▶ Recorded information:
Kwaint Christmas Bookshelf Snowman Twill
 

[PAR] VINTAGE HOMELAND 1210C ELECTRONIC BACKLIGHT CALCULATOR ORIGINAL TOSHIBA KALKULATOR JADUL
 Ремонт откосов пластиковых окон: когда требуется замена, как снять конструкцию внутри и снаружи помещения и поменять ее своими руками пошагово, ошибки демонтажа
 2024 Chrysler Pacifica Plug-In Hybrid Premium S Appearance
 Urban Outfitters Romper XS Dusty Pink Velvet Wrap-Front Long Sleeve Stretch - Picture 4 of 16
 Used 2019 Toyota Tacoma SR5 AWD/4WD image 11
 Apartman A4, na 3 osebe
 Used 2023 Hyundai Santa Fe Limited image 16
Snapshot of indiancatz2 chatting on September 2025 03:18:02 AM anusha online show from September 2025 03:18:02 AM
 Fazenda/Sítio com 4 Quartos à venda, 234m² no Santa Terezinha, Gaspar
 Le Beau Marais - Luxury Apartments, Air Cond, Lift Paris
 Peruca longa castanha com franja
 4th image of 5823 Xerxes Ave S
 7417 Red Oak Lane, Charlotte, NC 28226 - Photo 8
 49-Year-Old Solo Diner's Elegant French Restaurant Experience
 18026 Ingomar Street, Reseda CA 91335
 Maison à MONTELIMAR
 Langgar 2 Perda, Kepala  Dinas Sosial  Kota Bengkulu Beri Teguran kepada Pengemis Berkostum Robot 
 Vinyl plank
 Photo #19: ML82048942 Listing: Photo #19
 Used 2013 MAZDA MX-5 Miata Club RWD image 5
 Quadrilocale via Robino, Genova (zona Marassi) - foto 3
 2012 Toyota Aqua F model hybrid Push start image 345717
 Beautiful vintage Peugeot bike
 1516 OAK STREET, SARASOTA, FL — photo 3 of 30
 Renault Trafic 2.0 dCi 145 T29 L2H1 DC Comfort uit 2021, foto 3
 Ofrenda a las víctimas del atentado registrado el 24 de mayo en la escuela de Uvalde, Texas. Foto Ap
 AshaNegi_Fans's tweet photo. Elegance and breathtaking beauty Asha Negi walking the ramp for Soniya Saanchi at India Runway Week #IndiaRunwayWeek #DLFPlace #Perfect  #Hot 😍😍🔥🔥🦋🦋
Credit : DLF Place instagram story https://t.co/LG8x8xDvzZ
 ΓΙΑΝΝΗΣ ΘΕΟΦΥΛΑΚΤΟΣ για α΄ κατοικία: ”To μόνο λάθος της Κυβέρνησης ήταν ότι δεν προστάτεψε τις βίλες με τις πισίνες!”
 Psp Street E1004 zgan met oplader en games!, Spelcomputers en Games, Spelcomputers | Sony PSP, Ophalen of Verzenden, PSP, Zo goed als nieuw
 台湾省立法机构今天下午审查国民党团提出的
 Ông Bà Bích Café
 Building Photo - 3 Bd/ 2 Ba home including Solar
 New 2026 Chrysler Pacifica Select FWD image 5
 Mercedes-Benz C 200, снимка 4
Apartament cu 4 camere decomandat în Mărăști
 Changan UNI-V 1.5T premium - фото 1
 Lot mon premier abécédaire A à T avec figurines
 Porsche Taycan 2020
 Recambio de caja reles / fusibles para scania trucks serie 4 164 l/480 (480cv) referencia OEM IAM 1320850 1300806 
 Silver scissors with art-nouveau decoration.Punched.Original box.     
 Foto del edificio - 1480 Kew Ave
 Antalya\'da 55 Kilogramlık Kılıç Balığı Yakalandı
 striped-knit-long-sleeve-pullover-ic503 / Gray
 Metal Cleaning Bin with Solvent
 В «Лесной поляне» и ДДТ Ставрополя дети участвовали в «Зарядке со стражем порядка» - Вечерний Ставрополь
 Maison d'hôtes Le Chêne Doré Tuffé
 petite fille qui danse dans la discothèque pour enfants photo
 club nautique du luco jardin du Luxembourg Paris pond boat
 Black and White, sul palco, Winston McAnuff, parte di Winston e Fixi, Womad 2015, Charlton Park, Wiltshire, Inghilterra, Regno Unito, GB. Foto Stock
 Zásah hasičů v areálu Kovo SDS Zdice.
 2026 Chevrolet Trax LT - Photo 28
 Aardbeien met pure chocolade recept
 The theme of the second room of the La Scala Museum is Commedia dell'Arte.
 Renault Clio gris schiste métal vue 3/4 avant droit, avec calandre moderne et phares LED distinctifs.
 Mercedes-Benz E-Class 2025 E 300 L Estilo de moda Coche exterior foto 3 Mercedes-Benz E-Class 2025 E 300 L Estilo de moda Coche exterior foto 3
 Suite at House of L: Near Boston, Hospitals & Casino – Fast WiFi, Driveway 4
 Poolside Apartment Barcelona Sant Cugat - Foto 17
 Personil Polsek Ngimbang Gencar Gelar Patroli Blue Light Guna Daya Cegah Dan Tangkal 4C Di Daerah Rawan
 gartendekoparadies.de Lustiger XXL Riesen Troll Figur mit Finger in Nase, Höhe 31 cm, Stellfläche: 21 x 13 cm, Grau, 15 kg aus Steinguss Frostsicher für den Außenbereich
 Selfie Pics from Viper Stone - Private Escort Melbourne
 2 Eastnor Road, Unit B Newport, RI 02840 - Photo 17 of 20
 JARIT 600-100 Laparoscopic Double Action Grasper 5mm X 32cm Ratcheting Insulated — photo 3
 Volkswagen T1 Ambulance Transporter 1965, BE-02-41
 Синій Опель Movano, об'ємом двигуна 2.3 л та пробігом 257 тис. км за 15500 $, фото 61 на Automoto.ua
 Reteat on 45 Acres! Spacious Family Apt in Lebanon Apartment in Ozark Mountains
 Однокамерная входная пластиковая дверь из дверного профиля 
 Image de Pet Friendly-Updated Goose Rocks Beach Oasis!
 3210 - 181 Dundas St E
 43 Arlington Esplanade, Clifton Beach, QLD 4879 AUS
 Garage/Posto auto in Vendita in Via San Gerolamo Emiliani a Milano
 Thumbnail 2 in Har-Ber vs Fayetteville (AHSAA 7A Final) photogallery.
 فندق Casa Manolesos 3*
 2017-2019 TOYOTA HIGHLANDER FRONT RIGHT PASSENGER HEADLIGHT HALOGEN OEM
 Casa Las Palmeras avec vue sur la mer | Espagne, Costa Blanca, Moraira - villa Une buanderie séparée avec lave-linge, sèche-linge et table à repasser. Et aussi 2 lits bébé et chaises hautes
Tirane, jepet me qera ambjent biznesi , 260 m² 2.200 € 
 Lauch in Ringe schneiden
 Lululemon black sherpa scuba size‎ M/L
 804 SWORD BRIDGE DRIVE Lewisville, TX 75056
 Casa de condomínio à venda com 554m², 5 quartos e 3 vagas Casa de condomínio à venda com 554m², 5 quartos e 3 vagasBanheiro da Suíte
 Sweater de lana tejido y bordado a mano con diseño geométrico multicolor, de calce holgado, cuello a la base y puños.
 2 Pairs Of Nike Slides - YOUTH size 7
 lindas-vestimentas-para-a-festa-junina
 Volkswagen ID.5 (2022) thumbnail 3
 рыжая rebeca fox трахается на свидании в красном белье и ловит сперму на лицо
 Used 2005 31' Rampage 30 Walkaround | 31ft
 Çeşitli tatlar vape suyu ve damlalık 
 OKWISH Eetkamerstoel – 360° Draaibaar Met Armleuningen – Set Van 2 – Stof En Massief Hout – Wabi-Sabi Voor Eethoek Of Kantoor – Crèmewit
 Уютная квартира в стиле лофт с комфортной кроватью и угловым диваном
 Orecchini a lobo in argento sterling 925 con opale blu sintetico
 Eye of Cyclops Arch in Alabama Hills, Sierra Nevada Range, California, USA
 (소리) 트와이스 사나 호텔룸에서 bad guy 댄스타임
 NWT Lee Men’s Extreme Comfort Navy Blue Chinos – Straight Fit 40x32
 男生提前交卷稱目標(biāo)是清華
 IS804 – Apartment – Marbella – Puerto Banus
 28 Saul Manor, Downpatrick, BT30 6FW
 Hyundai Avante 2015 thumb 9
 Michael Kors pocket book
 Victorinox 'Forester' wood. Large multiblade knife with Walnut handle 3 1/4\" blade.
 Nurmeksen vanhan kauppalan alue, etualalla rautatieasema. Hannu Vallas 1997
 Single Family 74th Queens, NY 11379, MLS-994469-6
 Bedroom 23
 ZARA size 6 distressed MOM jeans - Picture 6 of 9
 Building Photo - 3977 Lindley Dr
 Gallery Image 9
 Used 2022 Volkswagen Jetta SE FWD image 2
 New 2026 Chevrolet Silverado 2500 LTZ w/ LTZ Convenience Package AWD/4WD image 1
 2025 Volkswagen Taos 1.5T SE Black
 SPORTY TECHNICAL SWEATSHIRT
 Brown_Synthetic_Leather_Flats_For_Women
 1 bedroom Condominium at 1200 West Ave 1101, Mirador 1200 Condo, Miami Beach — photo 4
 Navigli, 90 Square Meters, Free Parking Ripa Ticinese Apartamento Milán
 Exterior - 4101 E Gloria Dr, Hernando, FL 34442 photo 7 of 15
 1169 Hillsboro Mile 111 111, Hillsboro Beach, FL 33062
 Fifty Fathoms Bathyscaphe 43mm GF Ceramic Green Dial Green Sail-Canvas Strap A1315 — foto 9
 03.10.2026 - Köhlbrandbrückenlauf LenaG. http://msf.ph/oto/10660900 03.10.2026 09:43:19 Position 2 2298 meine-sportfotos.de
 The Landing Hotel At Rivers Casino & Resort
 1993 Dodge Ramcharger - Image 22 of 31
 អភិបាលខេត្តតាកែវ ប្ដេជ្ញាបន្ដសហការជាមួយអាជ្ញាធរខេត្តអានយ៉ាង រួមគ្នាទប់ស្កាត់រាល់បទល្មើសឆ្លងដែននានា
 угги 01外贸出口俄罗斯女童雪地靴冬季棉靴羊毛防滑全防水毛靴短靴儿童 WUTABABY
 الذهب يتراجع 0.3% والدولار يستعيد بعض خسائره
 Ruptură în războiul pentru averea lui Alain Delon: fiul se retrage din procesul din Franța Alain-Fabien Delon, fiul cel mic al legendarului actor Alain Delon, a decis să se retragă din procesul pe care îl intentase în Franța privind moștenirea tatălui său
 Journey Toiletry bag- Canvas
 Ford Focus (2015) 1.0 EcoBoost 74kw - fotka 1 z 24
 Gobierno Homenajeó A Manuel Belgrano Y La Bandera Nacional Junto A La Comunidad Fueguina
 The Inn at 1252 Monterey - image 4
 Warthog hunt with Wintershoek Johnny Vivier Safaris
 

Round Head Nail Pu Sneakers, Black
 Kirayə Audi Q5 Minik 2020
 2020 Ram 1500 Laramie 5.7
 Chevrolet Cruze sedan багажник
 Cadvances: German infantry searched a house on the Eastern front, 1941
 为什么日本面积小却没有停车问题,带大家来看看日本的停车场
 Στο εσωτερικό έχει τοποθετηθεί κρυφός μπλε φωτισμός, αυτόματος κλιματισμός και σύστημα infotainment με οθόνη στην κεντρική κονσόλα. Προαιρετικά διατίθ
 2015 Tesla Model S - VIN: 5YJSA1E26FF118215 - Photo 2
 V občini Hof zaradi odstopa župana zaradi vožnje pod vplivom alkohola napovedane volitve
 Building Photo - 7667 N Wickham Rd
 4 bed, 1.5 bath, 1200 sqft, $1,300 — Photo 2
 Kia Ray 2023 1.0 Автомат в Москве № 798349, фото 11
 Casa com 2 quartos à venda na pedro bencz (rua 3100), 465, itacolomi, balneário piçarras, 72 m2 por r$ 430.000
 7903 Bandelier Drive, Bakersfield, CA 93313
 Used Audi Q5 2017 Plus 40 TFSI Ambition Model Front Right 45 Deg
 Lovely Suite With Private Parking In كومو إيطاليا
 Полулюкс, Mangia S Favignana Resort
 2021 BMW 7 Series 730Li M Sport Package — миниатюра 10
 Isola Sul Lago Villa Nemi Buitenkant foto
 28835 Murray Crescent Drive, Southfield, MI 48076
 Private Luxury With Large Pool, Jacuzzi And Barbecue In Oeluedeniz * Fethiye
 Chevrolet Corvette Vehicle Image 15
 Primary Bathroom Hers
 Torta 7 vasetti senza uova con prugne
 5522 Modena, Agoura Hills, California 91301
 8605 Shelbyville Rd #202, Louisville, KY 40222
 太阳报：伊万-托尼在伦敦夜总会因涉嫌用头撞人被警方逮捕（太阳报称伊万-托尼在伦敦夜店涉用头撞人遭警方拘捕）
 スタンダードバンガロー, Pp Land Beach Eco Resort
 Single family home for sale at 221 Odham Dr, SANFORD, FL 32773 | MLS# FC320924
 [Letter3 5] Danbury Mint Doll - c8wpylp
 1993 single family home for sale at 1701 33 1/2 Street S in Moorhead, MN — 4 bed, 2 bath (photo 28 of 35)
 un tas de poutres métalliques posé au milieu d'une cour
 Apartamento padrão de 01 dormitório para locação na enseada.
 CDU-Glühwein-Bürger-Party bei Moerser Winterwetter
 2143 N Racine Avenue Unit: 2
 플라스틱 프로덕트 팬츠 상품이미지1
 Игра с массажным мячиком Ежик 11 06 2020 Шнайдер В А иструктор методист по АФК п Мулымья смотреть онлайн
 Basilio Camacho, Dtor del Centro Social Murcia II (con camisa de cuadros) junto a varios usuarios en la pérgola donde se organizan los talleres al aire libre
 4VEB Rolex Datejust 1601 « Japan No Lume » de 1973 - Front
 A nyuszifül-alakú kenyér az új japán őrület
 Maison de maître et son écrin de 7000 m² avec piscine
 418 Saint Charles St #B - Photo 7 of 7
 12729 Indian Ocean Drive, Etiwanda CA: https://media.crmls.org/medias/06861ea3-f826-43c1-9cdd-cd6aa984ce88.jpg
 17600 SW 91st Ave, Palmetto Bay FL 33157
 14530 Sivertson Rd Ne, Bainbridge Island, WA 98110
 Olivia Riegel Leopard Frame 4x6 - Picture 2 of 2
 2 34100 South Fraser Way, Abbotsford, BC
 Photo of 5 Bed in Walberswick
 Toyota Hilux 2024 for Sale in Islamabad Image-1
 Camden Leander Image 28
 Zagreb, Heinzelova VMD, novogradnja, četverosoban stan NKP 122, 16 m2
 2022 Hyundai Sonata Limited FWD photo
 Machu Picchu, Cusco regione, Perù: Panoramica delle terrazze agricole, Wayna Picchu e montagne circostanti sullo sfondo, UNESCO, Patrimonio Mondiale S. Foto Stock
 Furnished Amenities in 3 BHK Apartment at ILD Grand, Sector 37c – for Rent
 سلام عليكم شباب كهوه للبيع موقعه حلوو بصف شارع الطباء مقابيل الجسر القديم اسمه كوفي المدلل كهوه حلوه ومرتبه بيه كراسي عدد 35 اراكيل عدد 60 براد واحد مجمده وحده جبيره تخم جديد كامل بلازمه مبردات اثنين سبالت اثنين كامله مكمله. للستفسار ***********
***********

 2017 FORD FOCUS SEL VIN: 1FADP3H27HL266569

▶ The problem: There is a run of lines above from the one with "Casa com 2 quartos" to the one with "Zagreb, Heinzelova VMD, novogradnja, četverosoban"; print exactly that run, both ends included, and nothing else.

▶ Expected answer:
 Casa com 2 quartos à venda na pedro bencz (rua 3100), 465, itacolomi, balneário piçarras, 72 m2 por r$ 430.000
 7903 Bandelier Drive, Bakersfield, CA 93313
 Used Audi Q5 2017 Plus 40 TFSI Ambition Model Front Right 45 Deg
 Lovely Suite With Private Parking In كومو إيطاليا
 Полулюкс, Mangia S Favignana Resort
 2021 BMW 7 Series 730Li M Sport Package — миниатюра 10
 Isola Sul Lago Villa Nemi Buitenkant foto
 28835 Murray Crescent Drive, Southfield, MI 48076
 Private Luxury With Large Pool, Jacuzzi And Barbecue In Oeluedeniz * Fethiye
 Chevrolet Corvette Vehicle Image 15
 Primary Bathroom Hers
 Torta 7 vasetti senza uova con prugne
 5522 Modena, Agoura Hills, California 91301
 8605 Shelbyville Rd #202, Louisville, KY 40222
 太阳报：伊万-托尼在伦敦夜总会因涉嫌用头撞人被警方逮捕（太阳报称伊万-托尼在伦敦夜店涉用头撞人遭警方拘捕）
 スタンダードバンガロー, Pp Land Beach Eco Resort
 Single family home for sale at 221 Odham Dr, SANFORD, FL 32773 | MLS# FC320924
 [Letter3 5] Danbury Mint Doll - c8wpylp
 1993 single family home for sale at 1701 33 1/2 Street S in Moorhead, MN — 4 bed, 2 bath (photo 28 of 35)
 un tas de poutres métalliques posé au milieu d'une cour
 Apartamento padrão de 01 dormitório para locação na enseada.
 CDU-Glühwein-Bürger-Party bei Moerser Winterwetter
 2143 N Racine Avenue Unit: 2
 플라스틱 프로덕트 팬츠 상품이미지1
 Игра с массажным мячиком Ежик 11 06 2020 Шнайдер В А иструктор методист по АФК п Мулымья смотреть онлайн
 Basilio Camacho, Dtor del Centro Social Murcia II (con camisa de cuadros) junto a varios usuarios en la pérgola donde se organizan los talleres al aire libre
 4VEB Rolex Datejust 1601 « Japan No Lume » de 1973 - Front
 A nyuszifül-alakú kenyér az új japán őrület
 Maison de maître et son écrin de 7000 m² avec piscine
 418 Saint Charles St #B - Photo 7 of 7
 12729 Indian Ocean Drive, Etiwanda CA: https://media.crmls.org/medias/06861ea3-f826-43c1-9cdd-cd6aa984ce88.jpg
 17600 SW 91st Ave, Palmetto Bay FL 33157
 14530 Sivertson Rd Ne, Bainbridge Island, WA 98110
 Olivia Riegel Leopard Frame 4x6 - Picture 2 of 2
 2 34100 South Fraser Way, Abbotsford, BC
 Photo of 5 Bed in Walberswick
 Toyota Hilux 2024 for Sale in Islamabad Image-1
 Camden Leander Image 28
 Zagreb, Heinzelova VMD, novogradnja, četverosoban stan NKP 122, 16 m2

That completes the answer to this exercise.